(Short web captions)
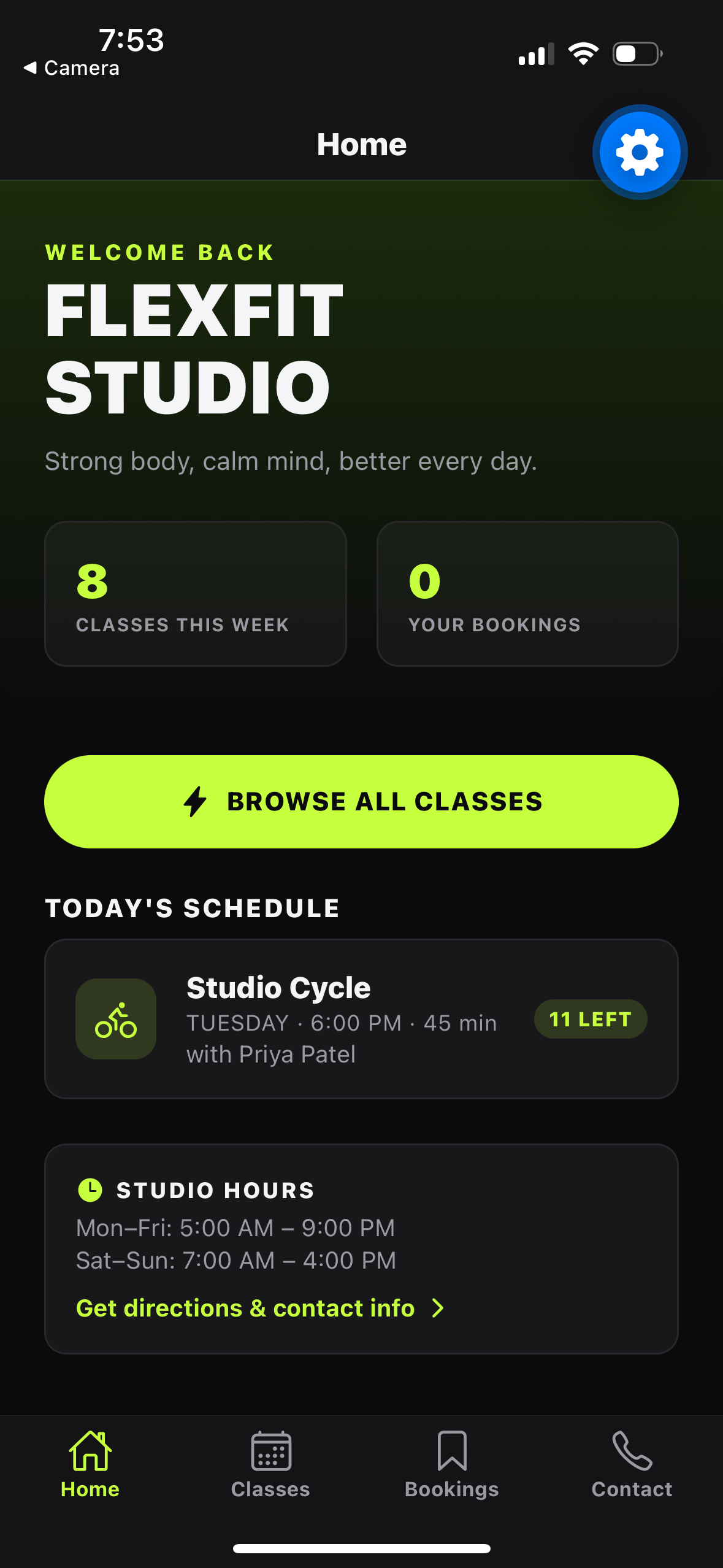 FlexFit Studio app — Home screen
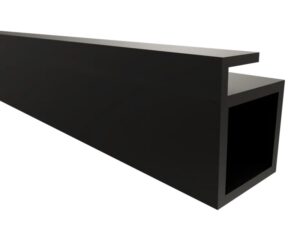 Black structural cube profile for glass shelves - 9 ft 10 in - PERALM112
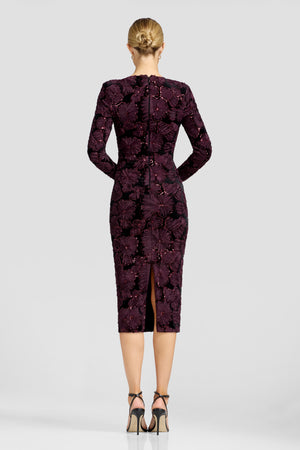 Emmalyn Dress / BURGUNDY-BLACK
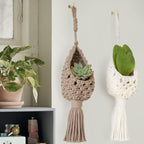 Macrame Wall Hanging Boho Basket Decor Set of 2 Handmade Hanging Accents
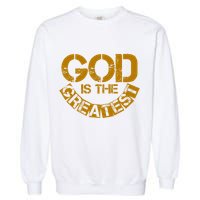 GOD is the Greatest Army Stamp Print Garment-Dyed Sweatshirt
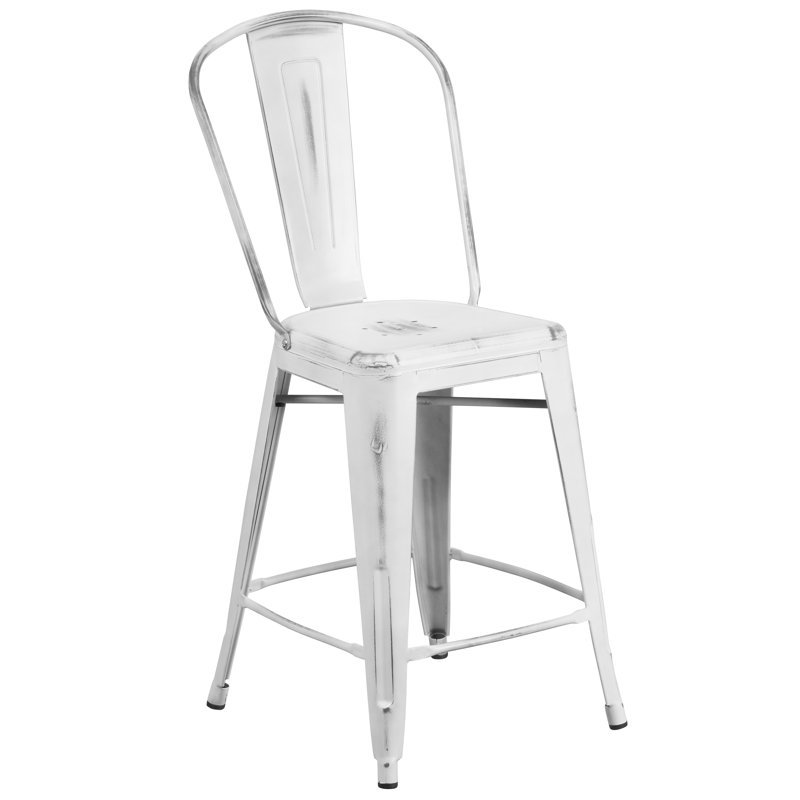 Commercial Grade Distressed Metal Indoor-Outdoor Counter Height Stool with Back, Counter Stool (24" Seat Height), White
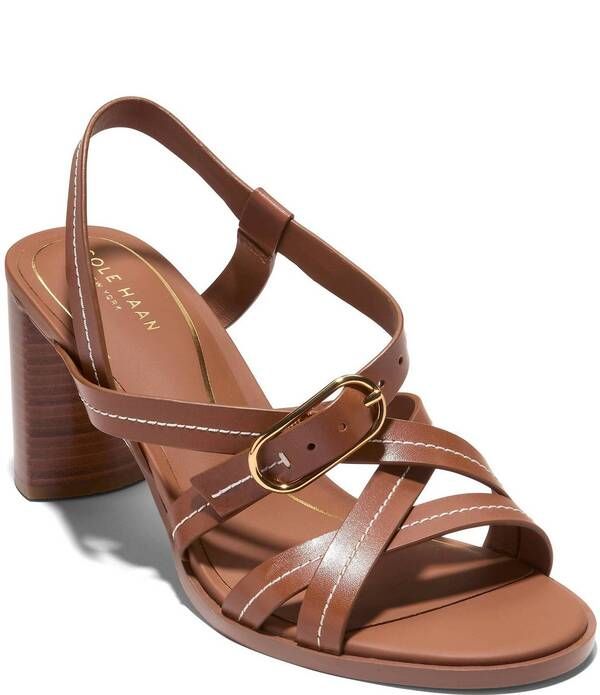 コールハーン レディース シューズ サンダル レザー ヒール Cole Haan Dillon Leather Strappy Block Heel Sandals British Tan タン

* **EXERCISE REQUIREMENTS**
Reproduce the entries above without change, omitting all pictures.

* **YOUR SOLUTION**
 FlexFit Studio app — Home screen
 Black structural cube profile for glass shelves - 9 ft 10 in - PERALM112
 Emmalyn Dress / BURGUNDY-BLACK
 Macrame Wall Hanging Boho Basket Decor Set of 2 Handmade Hanging Accents
 GOD is the Greatest Army Stamp Print Garment-Dyed Sweatshirt
 Commercial Grade Distressed Metal Indoor-Outdoor Counter Height Stool with Back, Counter Stool (24" Seat Height), White
 コールハーン レディース シューズ サンダル レザー ヒール Cole Haan Dillon Leather Strappy Block Heel Sandals British Tan タン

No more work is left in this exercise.